A snow shower falls in the distance to the south of Seattle as seen from the Space Needle on Feb. 17, 2026. (Photo: Space Needle Web Camera)
Were the brief snow showers Tuesday and Thursday in Seattle what this entire winter is going to muster for snowfall?
I guess the TL;DR for today is pretty simple: “Yup….”
Lame.
Or at least it’s looking like it’ll take a meteorological miracle for any more snow chances in Seattle this winter. The New England Patriots put up more of a fight than La Niña did this winter for us.
About the last gasp of winter is Thursday night, where clearing skies and leftover chilly air from the Fraser winds will allow temperatures to drop into the mid 20s or so. It has a chance to be the coldest night of the winter in Seattle — we had 2 nights at 26 in January; low so far is about 27.
But this winter looks like it’ll be known for only garnering a Trace of official snow — 34 minutes on Tuesday; 39 minutes during a quick shower midday today, and never snowing when it was any colder than 37 degrees.
Oh, and FOR ONLY THE THIRD TIME IN SEA-TAC HISTORY — we’re likely going to go the entire winter not managing one day without reaching at least 40 degrees, matching 1957-58 and 1991-92. Even the ungodly “winter” of 2014-2015 managed two days stuck in the 30s.*

(*-OK This is totally ripe now for me to jinx this and we’ll get some freak arctic outbreak in March. But if I *want* it to be a jinx, does it reverse a jinx?)
So where do we (actually) go from here?
We’re dry on Friday with some sunshine but still a little lingering chill with highs in the low 40s.
This weekend, another big trough of low pressure will take up shop well off our coast, but this one will spin a pair of “mini lows” around a bit like a merry-go-round from south to north off, but closer to the coast.
Each passing low will give us a glancing blow of lowland rain and mountain snow on both Saturday and Sunday-into-Monday.

The rain and mountain snow amounts will be uneventful — I think pass travel should still be manageable. But Saturday’s low may be just strong enough to draw in a period of gusty east winds along the coast and Cascade foothills through the mountain pass gaps (like North Bend, Enumclaw, Gold Bar, Snoqualmie, etc.).
This is not looking like a major wind event by any stretch, but Euro model suggests maybe some east wind gusts of 40-45 mph Saturday evening into Saturday night. For those not in places susceptible to east winds — essentially anywhere not along I-90 or the immediate Cascade foothills — the winds won’t be a factor. Temperatures will warm back closer to 50. It may be a while till we even see highs in the 40s…
Next week’s weather remains fairly mundane so far with perhaps a dry day either Tuesday or Wednesday and then another system looks to drop in from the northwest sometime in the middle to late next week that might do a better job of putting a decent snow in the mountains. Down here? Just more rain.
Where does the cold air go from here? The correct answer may be: “What cold air?” Looking at the 6-10 and 8-14 day outlooks, it appears winter is getting cancelled in 49 out of 50 states. (Hi, frigid Alaska!)

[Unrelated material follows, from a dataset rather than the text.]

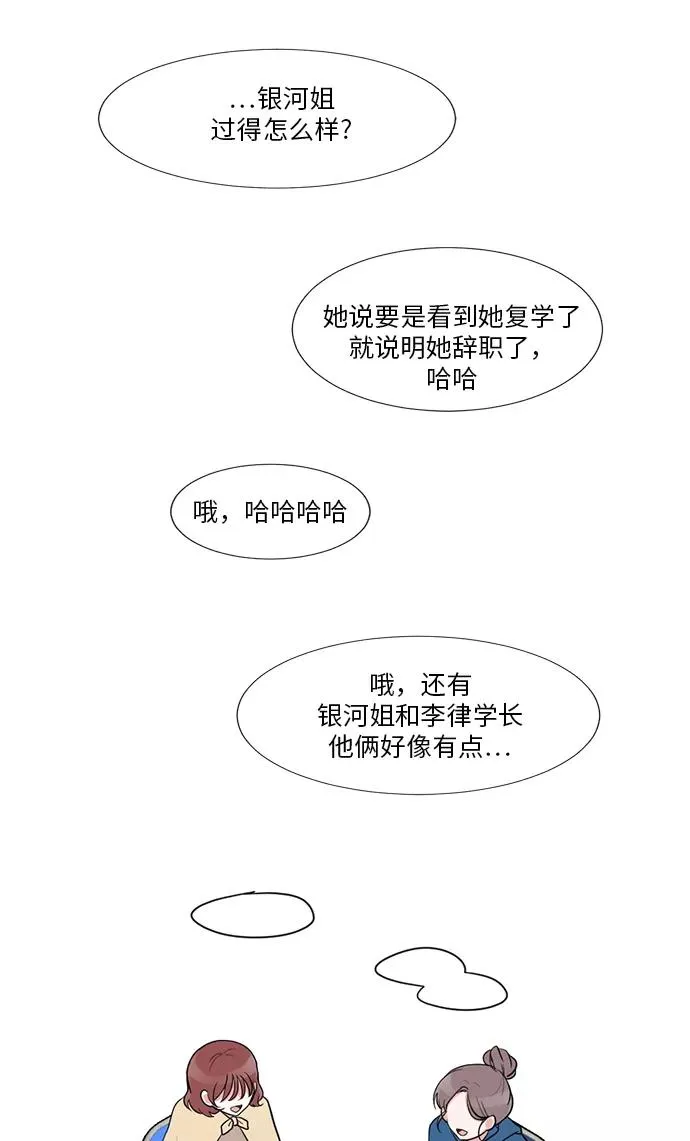 外传 03话 第44页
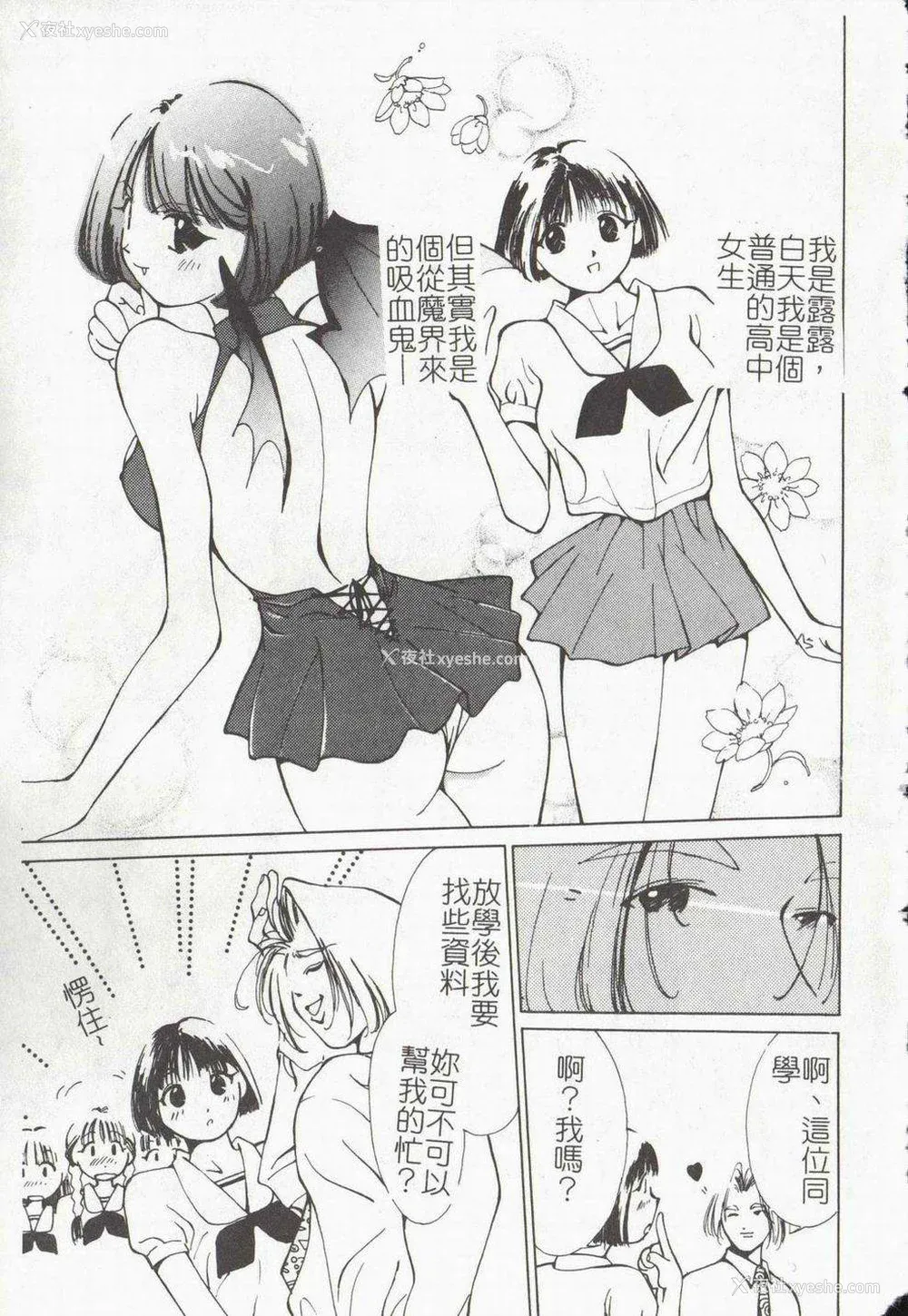 39P - [氷室芹夏] ヴァンパイアるる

Though there is some solace that at least the Seattle area is closer to normal, and that should keep snow going in the mountains. But the snow is totally done in the lowlands. Book it. Print it. Broadcast it. Scott says so. Totally won’t jinx it AT ALL….
Another thing about this “winter”. The barometer stayed at or above 30.00 inches for almost 5 weeks straight in January and early February. I can’t remember that happening before.
Everything about this winter has been unusual.
ElNino is rearing its ugly head for next year and it looks pretty strong. Since LaNina didn’t come through can ElNino appear and bring us snow next winter?
The answer is yes it can. We had a moderate ElNino that winter and Seattle got 67 inches of snow. January alone had 45 inches. We missed 10 days of school that January.
So..maybe next year.
I forgot to add the year to my comment. It was 1968-1969.
La Nina has left the chat.
I would say that Saturday’s low was indeed strong enough to get the wind gusting along the Grays Harbor coast. It was quite gusty from late Friday night until early this morning. Its now pouring rain with thunder. Definitley feeling like a more typical Northwest winter again.